Monitor Your Server on Linode

Now that your Linode is up and running, it’s time to think about monitoring and maintaining your server. This tutorial discusses some essential tools and skills we can use to check our server's resources. In the process, we will learn how to monitor the availability and performance of our system, manage our logs and update the server's software.

Multiple things go into monitoring a server. For example, we might be interested in monitoring the following aspects of our server:

Availability of the server
Performance of the server

It is therefore important to first assess what needs we have before embarking on a server monitoring mission.

This article is a continuation of how to deploy a flask application on a Linode server. For your reference, these are the other sections in the series:

Welcome to Linode
Deploy your flask app on Linode
Buy a domain name for your deployed application
Secure your domain with SSL
Monitor your server (this article)

As a bonus, I have shared a how to Configure PostgreSQL in a Live Linux Server article if your application makes use of the PostgreSQL database.

Availability of the Server

Not everyone needs to monitor the availability of their server. If you are running a very basic application such as a morning quote website, you may not necessarily need to worry about service interruptions. Occasional inconveniences of the website going offline for a few minutes may not justify the time it takes to set up and configure an availability monitoring tool.

However, if you depend on your website, say for livelihood, then it is a necessity to monitor your server. Once set up, the tool actively watches the server and services and alerts us when they are unavailable. We will be able to troubleshoot the problem and restore the service as soon as possible.

There are a handful of tools that we can use to monitor the availability of a server.

If we are running multiple servers, we can use Elastic Stack. It includes Elasticsearch, Logstash, and Kibana, which is a troika of tools that provides a free and open-source solution that searches, collects, and analyzes data from any source and in any format and visualizes it in real-time. I will not go into the details of how to configure the server to use Elastic Stack for now.
If we are running only a single server, we may consider using a third-party service to monitor our Linode.
Linode offers Linode Managed, an expert 24/7 monitoring service. It carries no obligation or contract and costs $100 per month, per Linode on your account.

Configure Shutdown Watchdog

Occasionally, a Linode may power off unexpectedly, making the server unavailable. In this case, Linode offers a shutdown watchdog called Lassie that automatically reboots a Linode in such instances.

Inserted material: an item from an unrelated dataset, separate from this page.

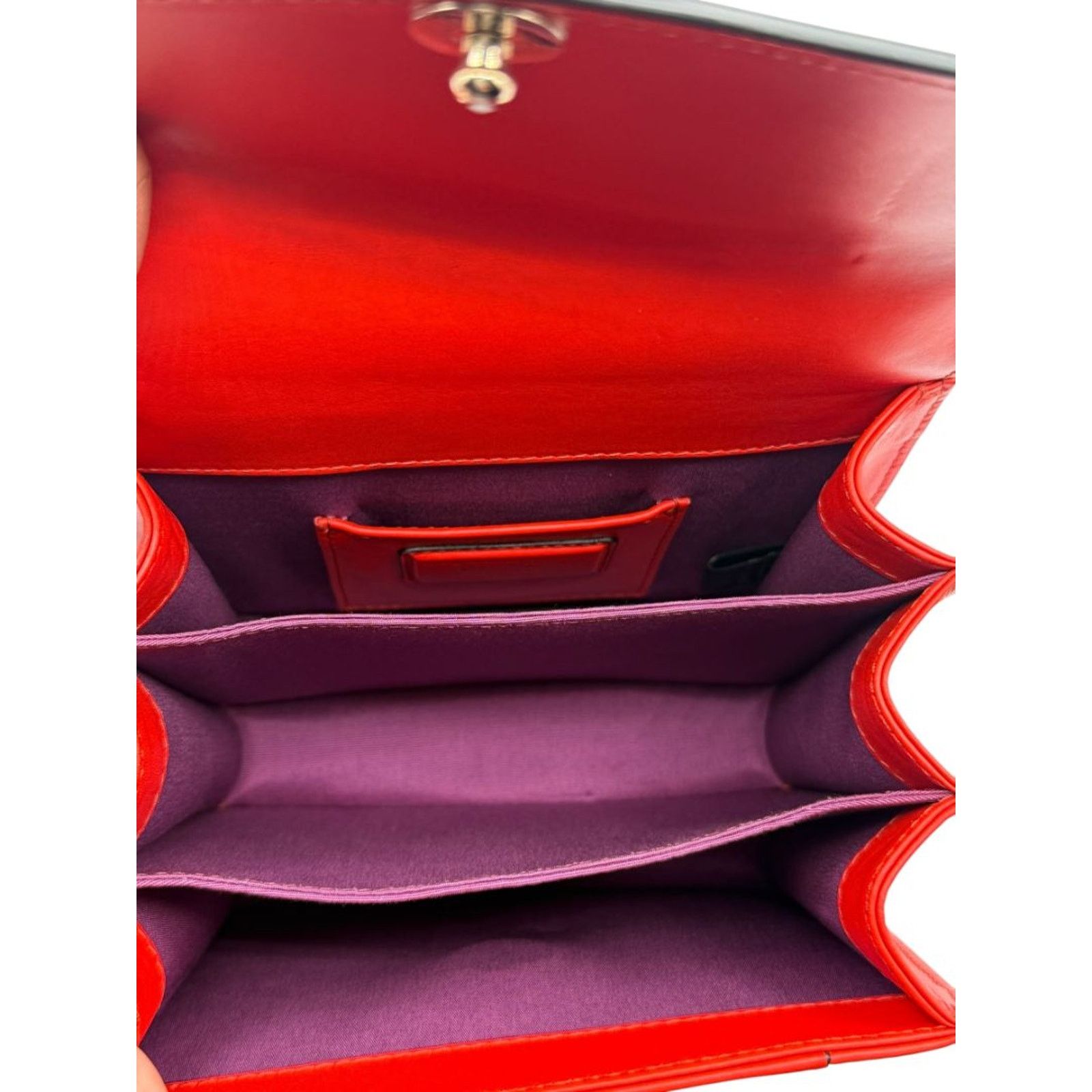 Bvlgari Bvlgari ‘Serpenti Forever’ Small Top Handle Bag Size ONE SIZE - 12 Thumbnail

It is not an unavailability monitoring tool, but it is useful in getting a Linode back online.

Log in to your Linode to see available Linodes:

Notice that I have 2 Linodes on my account, official_personal_website and tinkereducationnewsletter. I will show you how to configure Lassie using the official_personal_website Linode.

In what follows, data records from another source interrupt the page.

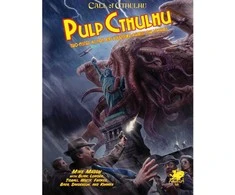 Chaosium Call of Cthulhu - Pulp Cthulhu knyga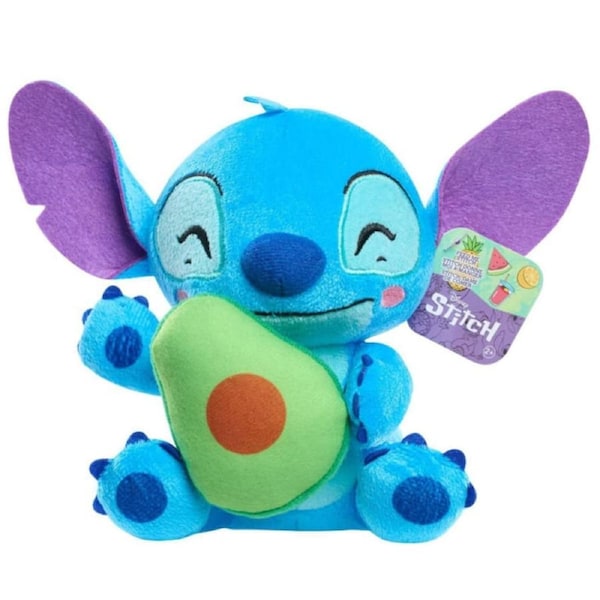 Disney Lilo and Stitch Stitch with Avocado 7 inch Plush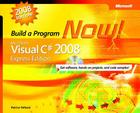 Microsoft Visual C# 2008 By Patrice Pelland Cover Image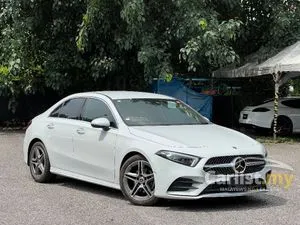 2023 Mercedes-Benz A180 1.3 AMG Line Sedan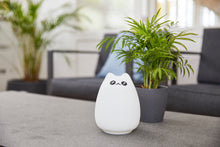 Lade das Bild in den Galerie-Viewer, Collido Fluoreszenz Nachtlicht | Glowing Cat Night Light | Glow In The Dark Katzen-Leuchte | Süßes fluoreszierendes Schlaflicht für Kinder und Babys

I will click on this Linode to see more data about it. What I am interested in is the "Settings" tab.

Scroll to the bottom of the "Settings" tab to see the "Shutdown Watchdog" section. Toggle the key to enable this feature.

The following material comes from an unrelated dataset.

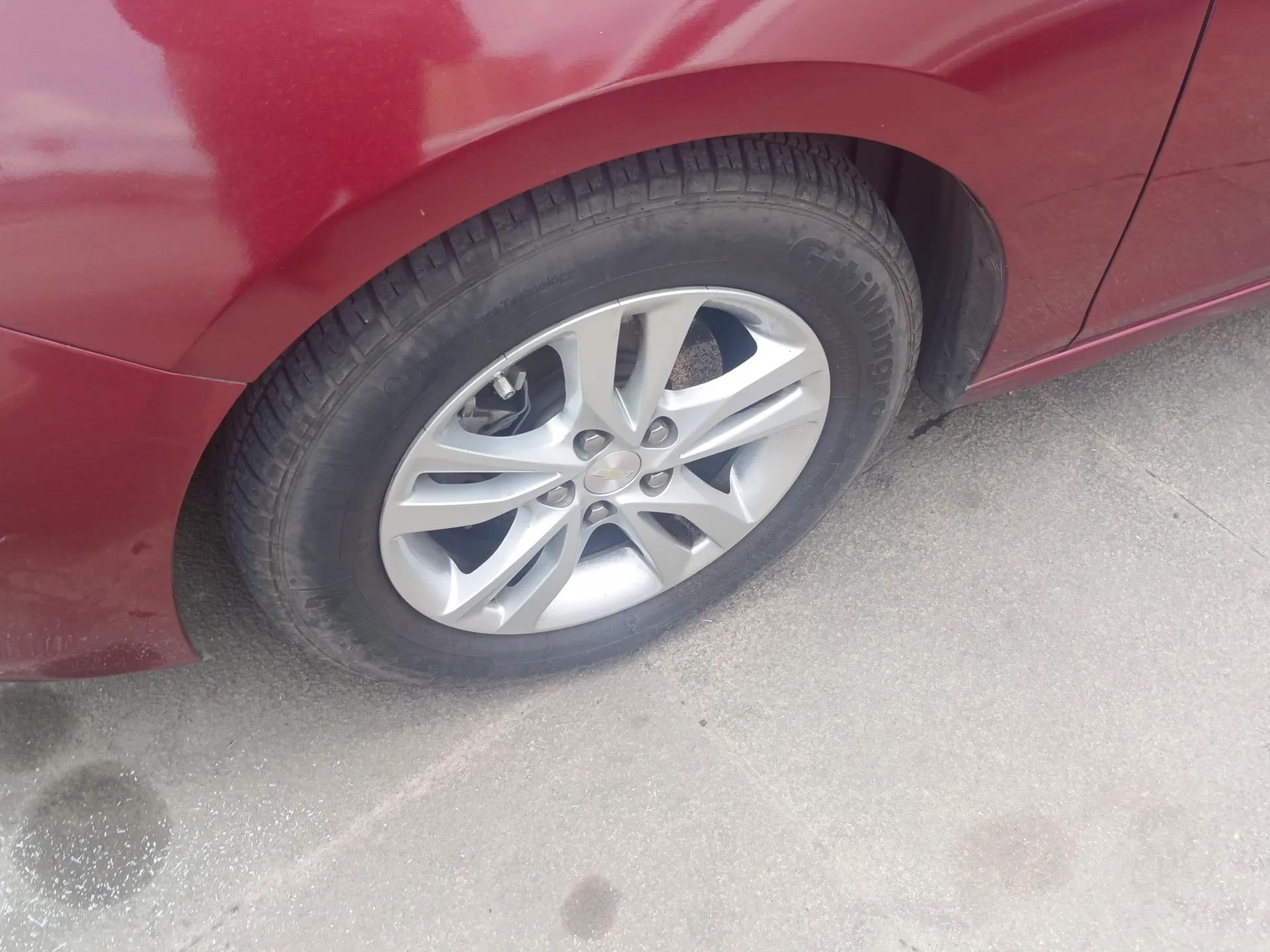 Chevrolet Cavalier 2018 320 Automatic Xinyue Edition — миниатюра 8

Now, every time the Linode unexpectedly goes offline, then Lassie can return it online automatically.

Performance of the Server

For vital server and service performance metrics, performance monitoring tools are used. These tools can be equated to a car's dashboard which shows all car performance details such as speed and fuel consumption. We will begin by first looking at the default tools that monitor the performance of a server then gradually check out a few more technical tools we can use.

Linode Cloud Manager

Once our Linode is up and running, Linode offers us the Cloud Manager in our dashboard with a few performance data. This data can be accessed by clicking on a Linode, in my case the official_personal_website Linode.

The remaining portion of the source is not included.